## Instructions for the task
Please copy the lines below, exactly as they are, from the one with "Brecon Pond Bed" through the one with "Garrafa de cristal", and leave out the pictures.

## Material shown
-------------------------

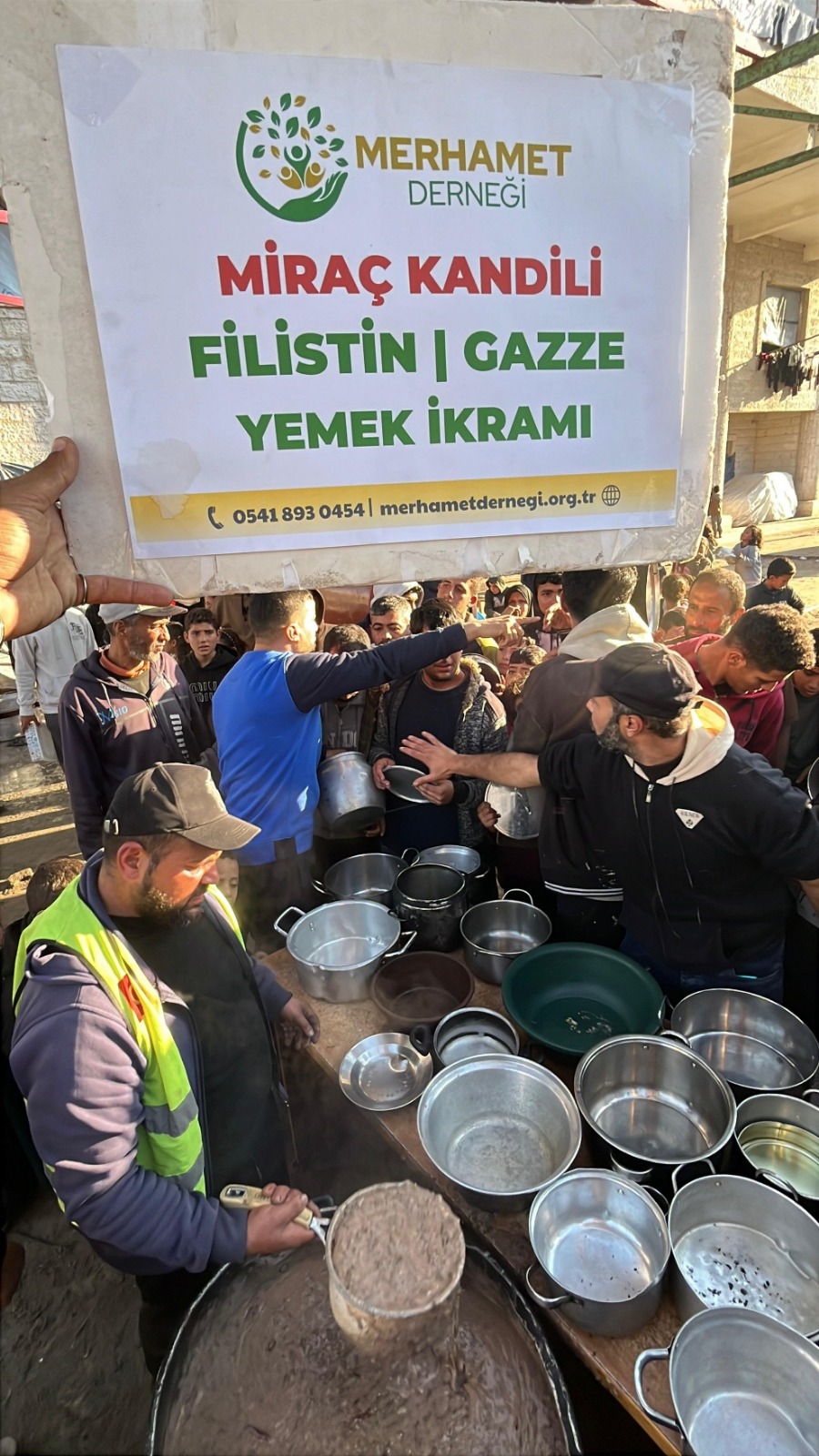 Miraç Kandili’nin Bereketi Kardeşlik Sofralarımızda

-------------------------

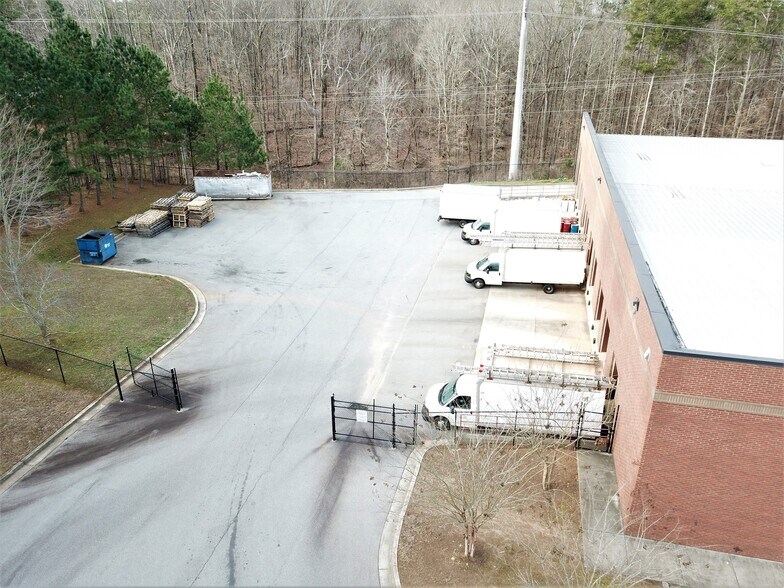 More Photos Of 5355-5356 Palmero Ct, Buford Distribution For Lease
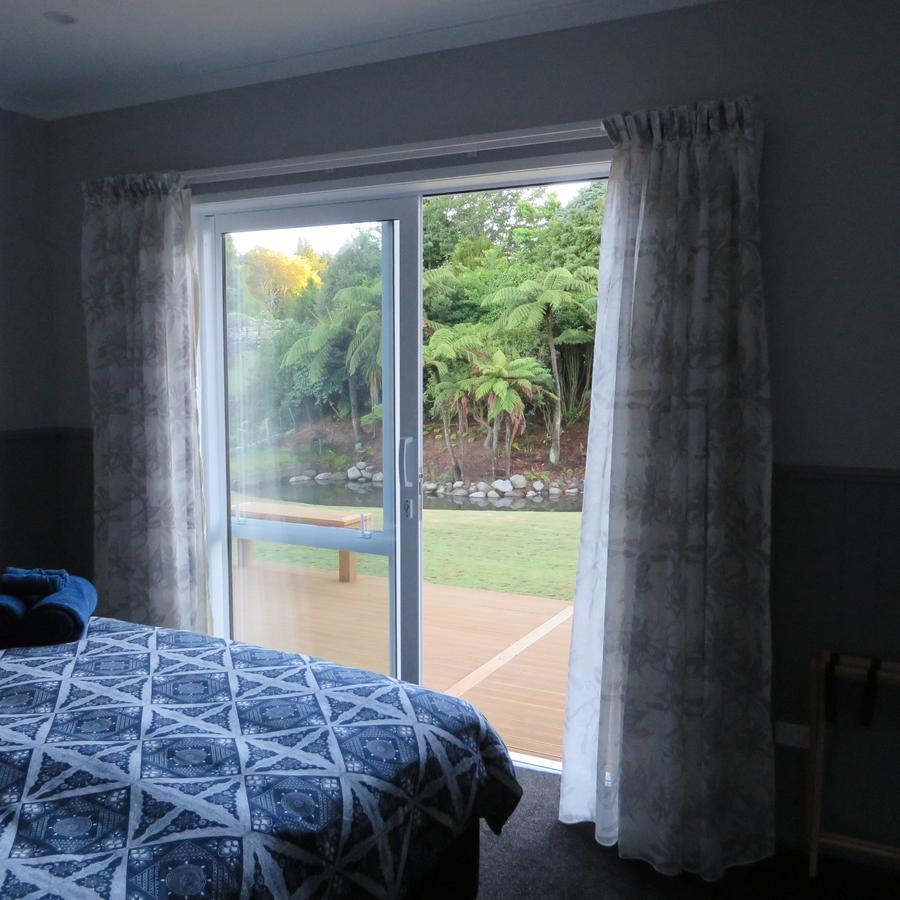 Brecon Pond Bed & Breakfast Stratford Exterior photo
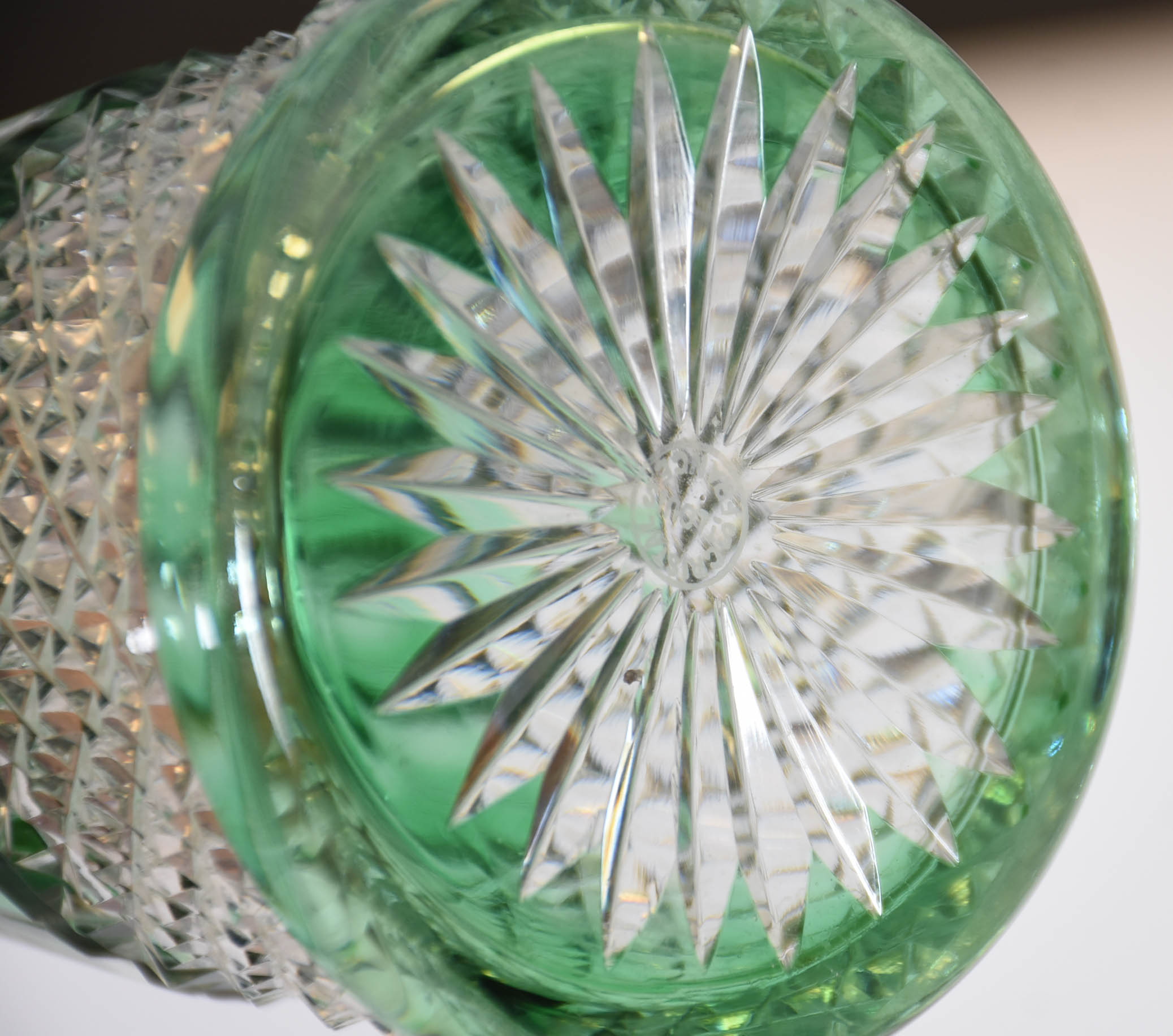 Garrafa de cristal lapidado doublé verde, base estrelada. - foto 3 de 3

-------------------------

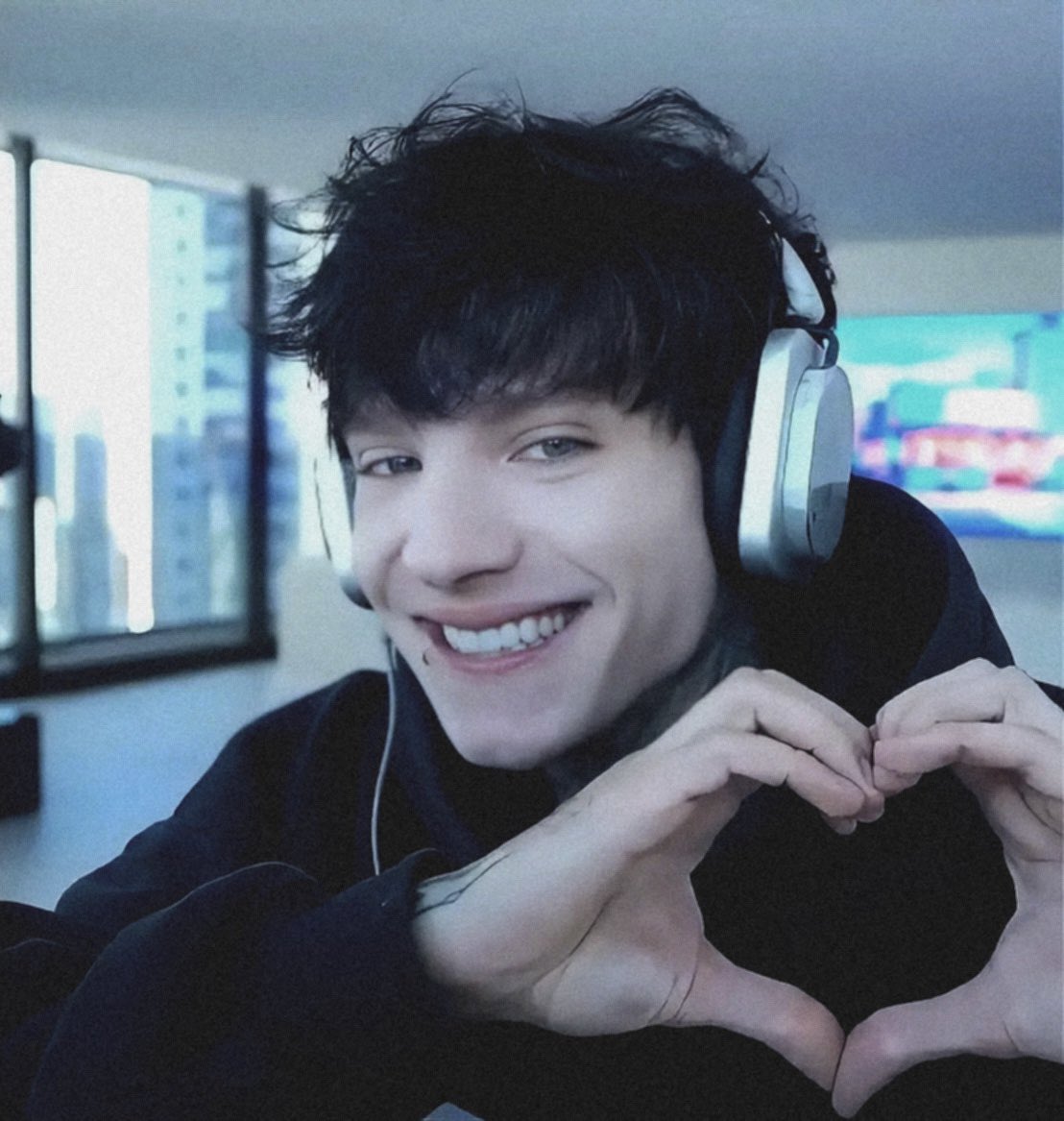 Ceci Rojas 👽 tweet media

-------------------------

## Exercise output
 Brecon Pond Bed & Breakfast Stratford Exterior photo
 Garrafa de cristal lapidado doublé verde, base estrelada. - foto 3 de 3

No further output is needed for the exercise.